The claim comes only a day after the U.S. said that all of the systems, which have given a significant boost to Ukraine's forces on the battlefield, remained intact.
Russian Defense Ministry spokesman Igor Konashenkov said on Friday that between July 5 and July 20, two of the launchers "were eliminated" near the settlement of Malotaranovka in the Donetsk region as was another HIMARS and a transport-loading vehicle in Krasnoarmiisk.
He added that a fourth launcher was destroyed in the eastern outskirts of Konstantinovka in the self-proclaimed Donetsk People's Republic (DPR), according to government military media outlet Zvezda.
Ukraine has boasted about its success with the HIMARS which it has said destroyed ammunition depots in the southern Ukrainian city of Nova Kakhovka and the vital Antonivka Road Bridge in the southern Kherson region.
Ukraine has previously dismissed Russian reports of successfully targeting HIMARS.
Last week, Ukrainian outlet UNIAN reported that the Russian Defense Ministry claim it had destroyed a launcher and a transport loading vehicle for HIMARS could not be true.
This was because there is no loading system for HIMARS, which are loaded by the installation itself.
Both Russia and Ukraine's claims about the opposing side's losses have been met with some skepticism.
An investigation by an independent Russian outlet Agentstvo last month, based on Russian Defense Ministry press releases, found that the total weapons and military vehicles Moscow claimed to have destroyed in Ukraine exceeded what Kyiv had in its arsenal.

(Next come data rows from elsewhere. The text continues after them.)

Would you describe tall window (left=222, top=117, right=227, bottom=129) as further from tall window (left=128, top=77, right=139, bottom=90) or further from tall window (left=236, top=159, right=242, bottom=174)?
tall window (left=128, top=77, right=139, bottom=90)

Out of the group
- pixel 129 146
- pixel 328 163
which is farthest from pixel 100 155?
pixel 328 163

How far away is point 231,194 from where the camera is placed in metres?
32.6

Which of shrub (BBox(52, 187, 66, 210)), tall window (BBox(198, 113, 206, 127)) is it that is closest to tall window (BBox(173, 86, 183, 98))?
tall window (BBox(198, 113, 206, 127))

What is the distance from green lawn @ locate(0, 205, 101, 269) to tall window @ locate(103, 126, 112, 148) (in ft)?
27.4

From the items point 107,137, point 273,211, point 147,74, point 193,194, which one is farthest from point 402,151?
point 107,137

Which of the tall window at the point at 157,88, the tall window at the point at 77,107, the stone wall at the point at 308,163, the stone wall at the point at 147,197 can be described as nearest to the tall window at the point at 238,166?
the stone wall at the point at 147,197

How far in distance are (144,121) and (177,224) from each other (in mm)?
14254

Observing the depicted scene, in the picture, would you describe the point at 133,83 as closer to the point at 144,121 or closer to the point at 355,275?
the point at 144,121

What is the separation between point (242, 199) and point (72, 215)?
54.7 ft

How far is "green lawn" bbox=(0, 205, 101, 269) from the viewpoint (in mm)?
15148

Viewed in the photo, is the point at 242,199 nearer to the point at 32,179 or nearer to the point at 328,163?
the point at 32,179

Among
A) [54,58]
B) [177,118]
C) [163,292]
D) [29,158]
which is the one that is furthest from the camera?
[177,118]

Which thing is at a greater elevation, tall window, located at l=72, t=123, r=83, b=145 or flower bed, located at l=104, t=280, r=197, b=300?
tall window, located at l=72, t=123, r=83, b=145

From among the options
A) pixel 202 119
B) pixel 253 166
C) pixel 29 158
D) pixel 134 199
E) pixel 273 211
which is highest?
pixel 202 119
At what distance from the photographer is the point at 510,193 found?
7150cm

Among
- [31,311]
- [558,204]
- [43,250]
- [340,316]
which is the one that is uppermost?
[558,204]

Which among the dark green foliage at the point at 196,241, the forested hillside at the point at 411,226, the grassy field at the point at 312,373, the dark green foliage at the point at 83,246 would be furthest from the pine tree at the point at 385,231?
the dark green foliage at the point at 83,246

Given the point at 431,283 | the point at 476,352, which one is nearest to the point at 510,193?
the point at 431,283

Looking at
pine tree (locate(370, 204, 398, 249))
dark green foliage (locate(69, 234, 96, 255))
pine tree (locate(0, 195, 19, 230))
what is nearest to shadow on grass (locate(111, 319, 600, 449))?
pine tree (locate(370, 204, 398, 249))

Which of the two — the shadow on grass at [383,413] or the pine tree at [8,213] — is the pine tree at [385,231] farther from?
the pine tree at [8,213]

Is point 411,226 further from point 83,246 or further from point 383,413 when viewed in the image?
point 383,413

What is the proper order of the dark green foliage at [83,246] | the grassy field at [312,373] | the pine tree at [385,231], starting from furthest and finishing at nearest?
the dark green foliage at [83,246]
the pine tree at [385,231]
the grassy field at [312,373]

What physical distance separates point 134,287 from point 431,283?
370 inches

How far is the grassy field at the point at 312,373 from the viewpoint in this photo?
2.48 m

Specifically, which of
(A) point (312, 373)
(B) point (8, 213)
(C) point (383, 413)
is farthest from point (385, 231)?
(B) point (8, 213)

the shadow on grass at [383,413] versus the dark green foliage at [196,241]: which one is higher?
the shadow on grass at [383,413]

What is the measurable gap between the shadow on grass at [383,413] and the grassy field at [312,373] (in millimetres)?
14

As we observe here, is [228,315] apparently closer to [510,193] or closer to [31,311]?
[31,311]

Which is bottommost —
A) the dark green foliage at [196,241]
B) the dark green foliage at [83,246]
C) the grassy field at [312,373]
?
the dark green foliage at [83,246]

Newsweek has contacted the Ukrainian Defense Ministry for comment.
Moscow's latest claims are at odds with comments by General Mark Milley, the chairman of the Joint Chiefs of Staff, who told a news conference on Wednesday that so far HIMARS systems "have not been eliminated by the Russians."
Standing next to Defense Secretary Lloyd Austin, Milley added that the Ukrainian forces were "very effective at using them."

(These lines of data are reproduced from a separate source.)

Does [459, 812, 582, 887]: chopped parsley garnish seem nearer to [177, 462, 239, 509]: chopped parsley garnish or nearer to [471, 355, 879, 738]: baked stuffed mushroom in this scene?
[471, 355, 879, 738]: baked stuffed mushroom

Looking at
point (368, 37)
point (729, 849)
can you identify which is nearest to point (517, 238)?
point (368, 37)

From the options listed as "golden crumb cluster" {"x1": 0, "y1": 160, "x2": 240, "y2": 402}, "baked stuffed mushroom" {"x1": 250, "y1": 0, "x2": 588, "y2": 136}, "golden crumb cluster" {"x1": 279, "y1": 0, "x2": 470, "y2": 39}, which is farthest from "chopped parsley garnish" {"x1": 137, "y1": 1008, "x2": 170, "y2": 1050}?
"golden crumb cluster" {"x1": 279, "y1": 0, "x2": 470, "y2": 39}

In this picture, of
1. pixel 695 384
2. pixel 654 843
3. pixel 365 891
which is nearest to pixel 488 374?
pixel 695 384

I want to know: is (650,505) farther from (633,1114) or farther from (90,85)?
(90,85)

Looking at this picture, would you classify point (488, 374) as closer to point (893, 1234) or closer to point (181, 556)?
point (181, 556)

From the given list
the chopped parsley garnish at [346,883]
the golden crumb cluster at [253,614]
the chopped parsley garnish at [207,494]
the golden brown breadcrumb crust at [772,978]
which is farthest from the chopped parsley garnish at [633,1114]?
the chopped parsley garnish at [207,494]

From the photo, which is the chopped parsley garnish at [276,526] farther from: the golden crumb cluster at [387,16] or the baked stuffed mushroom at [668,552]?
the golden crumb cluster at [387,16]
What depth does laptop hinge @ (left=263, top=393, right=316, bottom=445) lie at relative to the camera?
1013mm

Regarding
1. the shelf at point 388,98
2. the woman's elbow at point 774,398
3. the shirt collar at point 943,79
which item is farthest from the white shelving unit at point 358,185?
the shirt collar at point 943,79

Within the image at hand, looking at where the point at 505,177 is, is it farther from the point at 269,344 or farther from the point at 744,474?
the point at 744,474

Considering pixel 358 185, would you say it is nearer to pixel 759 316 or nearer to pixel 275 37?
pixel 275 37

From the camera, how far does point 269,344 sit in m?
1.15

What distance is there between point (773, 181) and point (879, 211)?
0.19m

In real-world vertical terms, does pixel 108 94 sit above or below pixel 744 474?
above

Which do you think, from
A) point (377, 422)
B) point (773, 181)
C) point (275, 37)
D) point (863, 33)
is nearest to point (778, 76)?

The same day, Austin announced that the U.S. would be sending four additional M142 HIMARS to Ukraine, bringing the total to 16.
The M31 series rockets supplied with the HIMARS can hit a target within a 16-foot radius at a range of up over 50 miles and have allowed Ukraine's forces to target command stations and ammunition depots.

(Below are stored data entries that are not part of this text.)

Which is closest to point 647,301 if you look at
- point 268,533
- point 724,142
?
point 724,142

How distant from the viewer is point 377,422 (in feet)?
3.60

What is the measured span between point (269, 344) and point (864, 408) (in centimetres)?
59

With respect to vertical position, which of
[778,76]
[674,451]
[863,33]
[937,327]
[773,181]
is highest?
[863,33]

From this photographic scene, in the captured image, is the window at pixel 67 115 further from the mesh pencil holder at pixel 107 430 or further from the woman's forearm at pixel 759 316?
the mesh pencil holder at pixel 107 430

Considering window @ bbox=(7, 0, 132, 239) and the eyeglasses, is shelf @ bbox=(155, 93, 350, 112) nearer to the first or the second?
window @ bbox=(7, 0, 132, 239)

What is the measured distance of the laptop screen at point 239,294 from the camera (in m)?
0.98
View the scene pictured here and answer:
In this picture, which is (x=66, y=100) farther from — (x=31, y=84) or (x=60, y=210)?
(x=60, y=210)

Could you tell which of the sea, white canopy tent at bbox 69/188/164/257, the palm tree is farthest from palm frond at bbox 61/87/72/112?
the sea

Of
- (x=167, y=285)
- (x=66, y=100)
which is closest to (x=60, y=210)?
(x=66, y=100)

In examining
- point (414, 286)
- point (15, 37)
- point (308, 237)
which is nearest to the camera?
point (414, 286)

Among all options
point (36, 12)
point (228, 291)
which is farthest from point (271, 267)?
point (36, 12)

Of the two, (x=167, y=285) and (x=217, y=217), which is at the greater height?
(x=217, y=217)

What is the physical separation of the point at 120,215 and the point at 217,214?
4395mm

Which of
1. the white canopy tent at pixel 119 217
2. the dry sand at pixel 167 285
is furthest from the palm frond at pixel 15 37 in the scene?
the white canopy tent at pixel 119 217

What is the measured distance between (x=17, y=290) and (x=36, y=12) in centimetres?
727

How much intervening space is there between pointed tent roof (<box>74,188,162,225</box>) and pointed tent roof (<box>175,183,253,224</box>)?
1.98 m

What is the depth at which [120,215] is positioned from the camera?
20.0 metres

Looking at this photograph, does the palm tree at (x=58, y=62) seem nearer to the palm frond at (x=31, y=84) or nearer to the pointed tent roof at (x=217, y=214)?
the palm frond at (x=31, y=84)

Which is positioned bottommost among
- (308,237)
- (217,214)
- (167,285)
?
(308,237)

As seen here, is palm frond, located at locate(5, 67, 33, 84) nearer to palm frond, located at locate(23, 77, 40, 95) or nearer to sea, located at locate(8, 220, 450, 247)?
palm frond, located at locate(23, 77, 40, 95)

However, Andrei Kartapolov, who heads Russia's State Duma Defense Committee, said on Thursday that his country's forces can counteract the systems which Moscow should not be afraid of.
"The system is serious, but there is a countermeasure—our air defense facilities," the lawmaker told state news agency TASS.
Also on Thursday, Ukrainian government adviser Anton Gerashchenko tweeted a video that he said showed Russian-fired missiles failing to intercept HIMARS rockets which had targeted an ammunition depot in Skadovsk in the southern Kherson region.